Located more than a mile beneath Appalachia, covering parts of West Virginia, Ohio, Pennsylvania, and New York, lays a mostly untapped reservoir of natural gas that could hold the key to the nation’s energy future. The total area covers 54,000 square miles and could contain as much as 50 trillion cubic feet of recoverable natural gas, according to a recent study by researchers at Penn State University and the State University of New York. According to the Energy Information Administration, i n 2007 the U.S. consumed approximately 23.1 trillion cubic feet of natural gas and produced the same approximate 23.1 trillion cubic feet, with only 20.1 trillion cubic feet making it to market. The U.S. made up the difference between consumption and production by receiving imports from places such as Canada. The Marcellus shale is likely to assist the U.S. into becoming self sufficient.
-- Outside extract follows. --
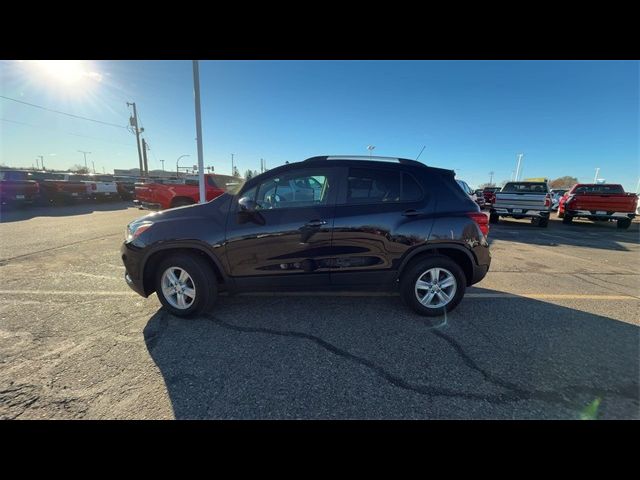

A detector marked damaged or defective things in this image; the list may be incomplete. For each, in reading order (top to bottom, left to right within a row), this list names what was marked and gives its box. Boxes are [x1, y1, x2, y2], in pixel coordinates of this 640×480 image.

crack in pavement [201, 312, 640, 412]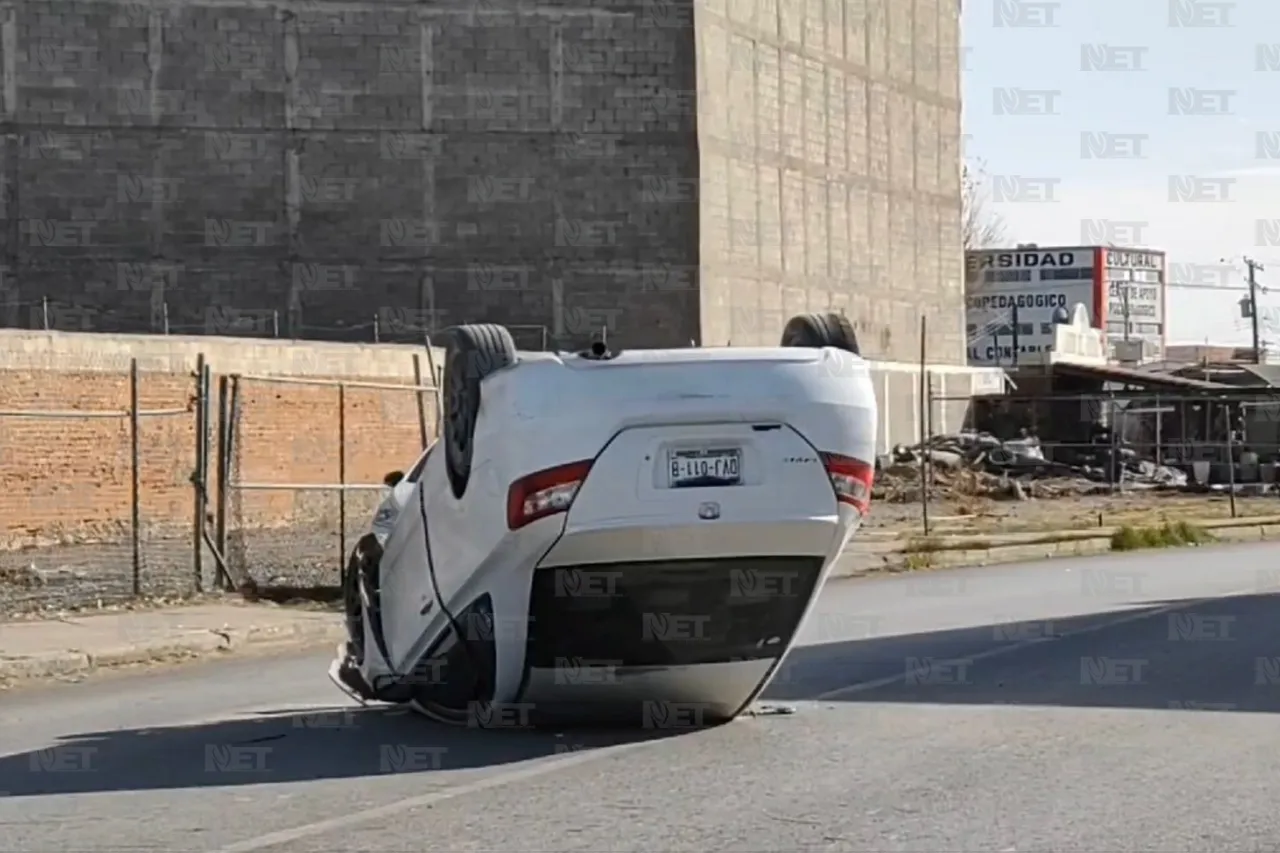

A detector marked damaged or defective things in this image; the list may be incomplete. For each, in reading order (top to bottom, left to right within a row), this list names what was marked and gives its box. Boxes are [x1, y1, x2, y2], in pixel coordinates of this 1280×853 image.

Geologists, engineers, and energy companies have known for decades about the natural gas located in the Marcellus Shale. Only recently have they discovered a possible, although expensive, way to extract it from the thick black shale 6,000 feet underground. Energy firms must decide whether the cost of obtaining the natural gas is worth the huge investment. The multimillion-dollar question posed is whether deep well and horizontal drilling technology can consistently produce natural gas from the shale hundreds of millions of years old. Corporate players looking for natural gas in Marcellus shale include Range Resources, Southwestern Energy, Chesapeake Energy, and Cabot Oil and Gas.
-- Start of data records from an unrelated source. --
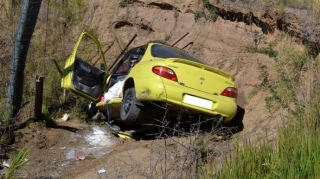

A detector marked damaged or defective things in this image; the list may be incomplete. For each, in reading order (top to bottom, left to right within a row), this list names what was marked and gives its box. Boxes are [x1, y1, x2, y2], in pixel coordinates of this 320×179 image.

crashed vehicle [61, 30, 239, 125]
shattered windshield [151, 43, 210, 65]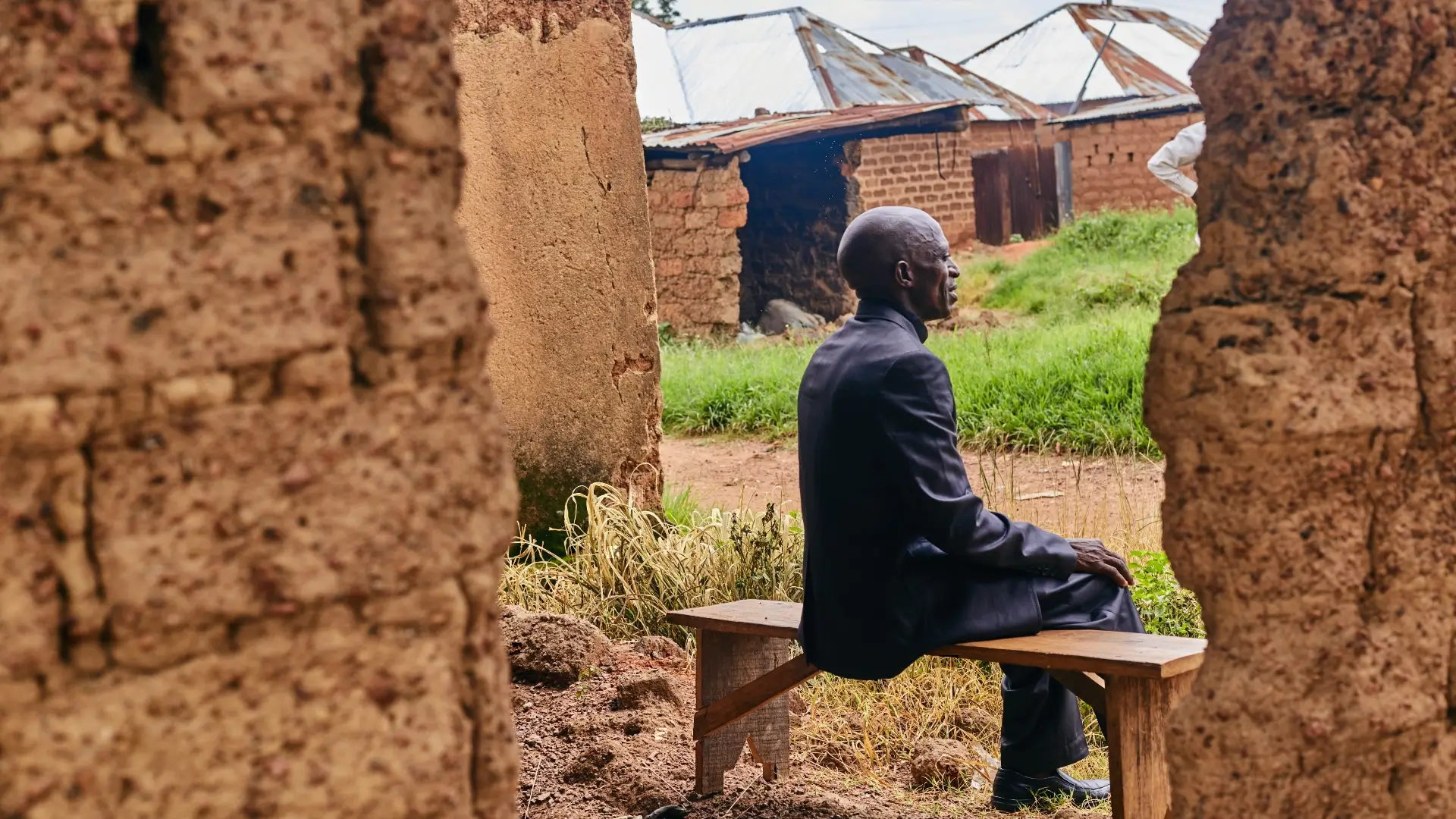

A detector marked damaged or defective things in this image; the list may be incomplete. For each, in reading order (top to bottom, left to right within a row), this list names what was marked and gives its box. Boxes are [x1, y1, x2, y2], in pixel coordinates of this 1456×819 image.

damaged structure [0, 2, 522, 819]
damaged structure [458, 2, 661, 531]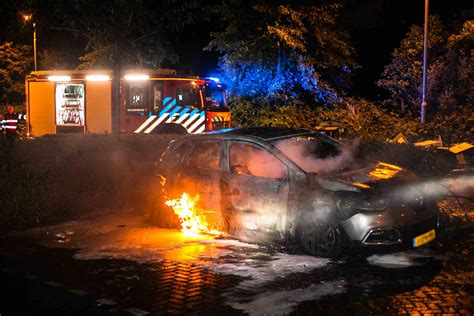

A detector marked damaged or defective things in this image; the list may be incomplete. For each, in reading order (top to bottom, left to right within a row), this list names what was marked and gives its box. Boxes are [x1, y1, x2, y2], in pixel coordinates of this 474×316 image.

damaged car door [221, 141, 290, 242]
Companies intend to extract natural gas from the Marcellus Shale by drilling down to a depth of about 6,000 feet or more, before making a right angle and drilling horizontally into the shale. A well of this design could cost a company $3 million to build, excluding the cost of leasing the land. Scientists and engineers had long postulated that the Marcellus shale served as a source for shallow wells dug by conventional methods. Previous attempts to extract gas conventionally from the Marcellus have produced meager results.
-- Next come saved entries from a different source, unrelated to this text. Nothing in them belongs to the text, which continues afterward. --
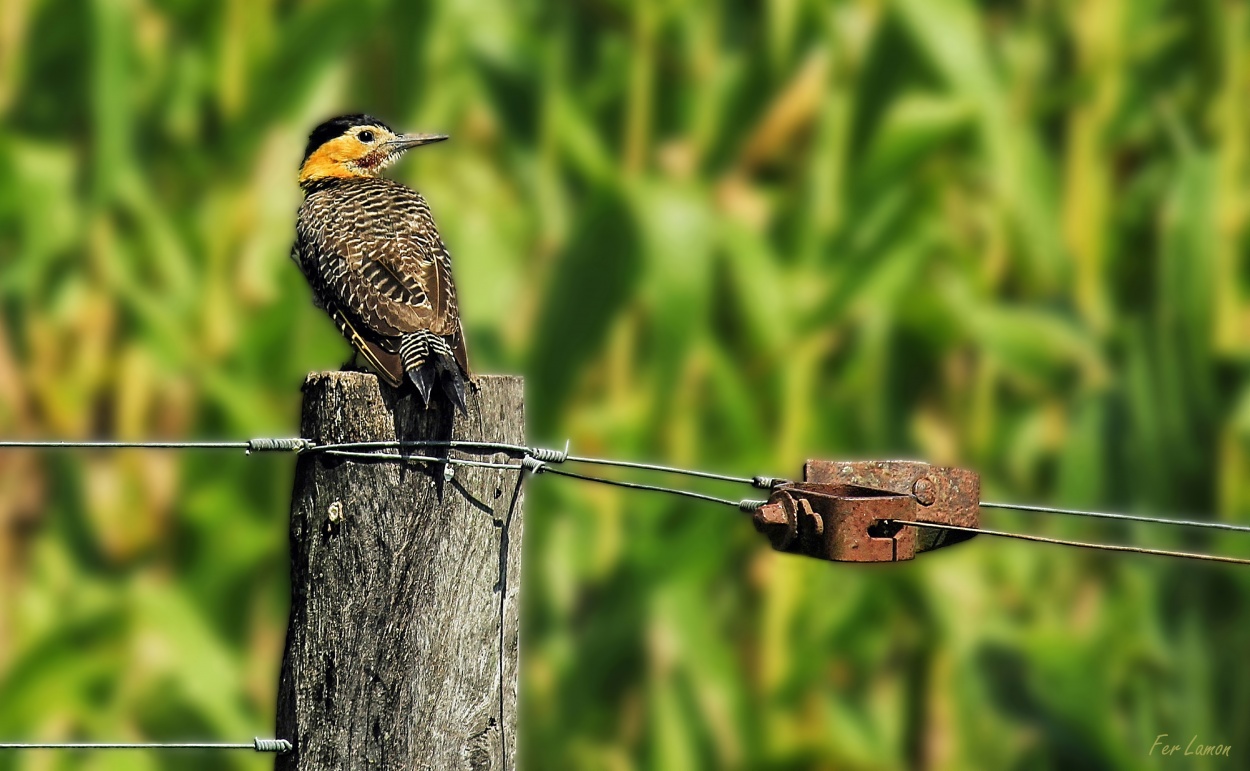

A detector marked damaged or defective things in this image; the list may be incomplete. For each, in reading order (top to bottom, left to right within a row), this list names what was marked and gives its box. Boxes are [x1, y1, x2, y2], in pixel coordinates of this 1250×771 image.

rusted metal clamp [745, 459, 980, 562]
rusty wire tensioner [745, 459, 980, 562]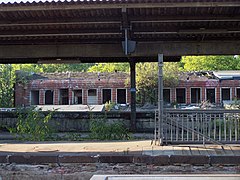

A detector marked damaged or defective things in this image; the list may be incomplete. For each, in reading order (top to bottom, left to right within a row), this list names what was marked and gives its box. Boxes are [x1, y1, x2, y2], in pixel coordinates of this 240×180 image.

rusty metal fence [155, 108, 240, 145]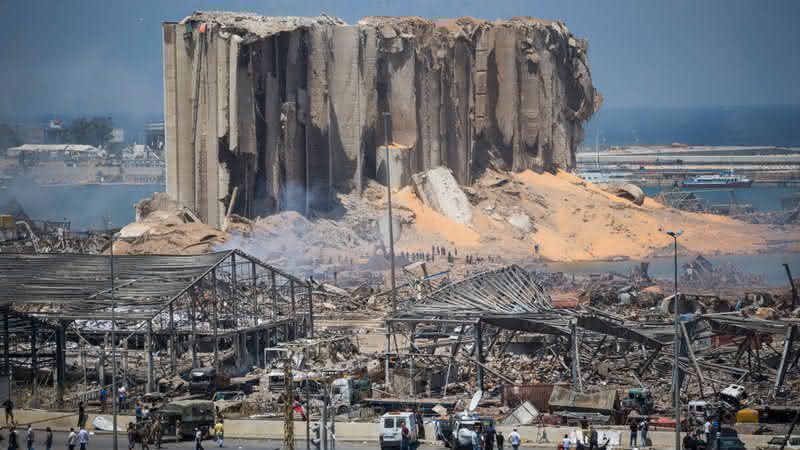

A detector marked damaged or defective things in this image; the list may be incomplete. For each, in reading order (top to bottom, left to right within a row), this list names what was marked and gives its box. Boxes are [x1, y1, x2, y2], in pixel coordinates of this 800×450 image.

damaged concrete grain silo [164, 12, 600, 227]
broken wall [164, 12, 600, 227]
shattered concrete slab [412, 166, 476, 225]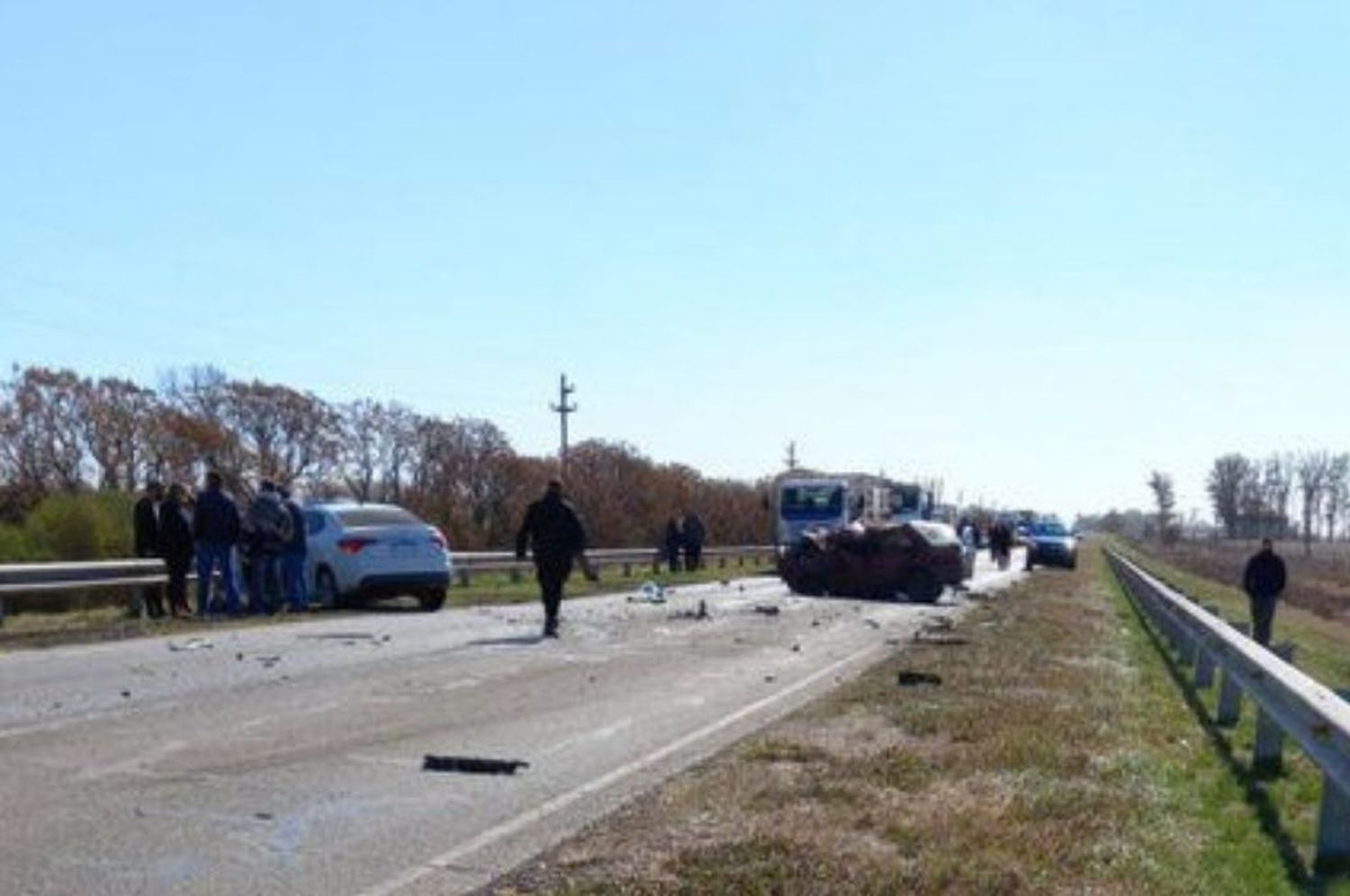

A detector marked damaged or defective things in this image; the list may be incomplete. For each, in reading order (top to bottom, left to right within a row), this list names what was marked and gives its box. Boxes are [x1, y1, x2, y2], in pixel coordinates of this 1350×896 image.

damaged red car [778, 518, 965, 601]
A series of seams or fractures in the Marcellus Shale could hold the answer. If mapped, these fractures could look like a matrix or grid of a city with nearly perfectly laid out square blocks. Drilling horizontally into seams and fractures could help give the natural gas an outlet to escape. Companies could also use a technique in which water pressure is used to create new openings in the dense fractures to allow the natural gas to flow into the newly drilled horizontal well.
Companies began reaping the benefits from horizontal drilling technology a decade ago in the Barnett Shale, a 5,000-square-mile field in Texas which has produced about 1.2 billion cubic feet of natural gas a day. Forecasts have called for production in the Barnett natural gas field to reach 1.7 billion cubic feet. Success from the Barnett Shale inspired companies to explore other potential natural gas reserves in the United States, including the Marcellus Shale.
One of the first wells to explore the shale owned by Exco Resources near Snow Shoe, Pennsylvania, was planned for 3,500 feet. The drillers only went to 1,700 feet and hit a fault. That fault allowed for the extraction of gas at a rate of 1 million cubic feet a day, according to the company’s third quarter results statement. Demand for alternative energy is focusing attention on natural gas and the Marcellus Shale.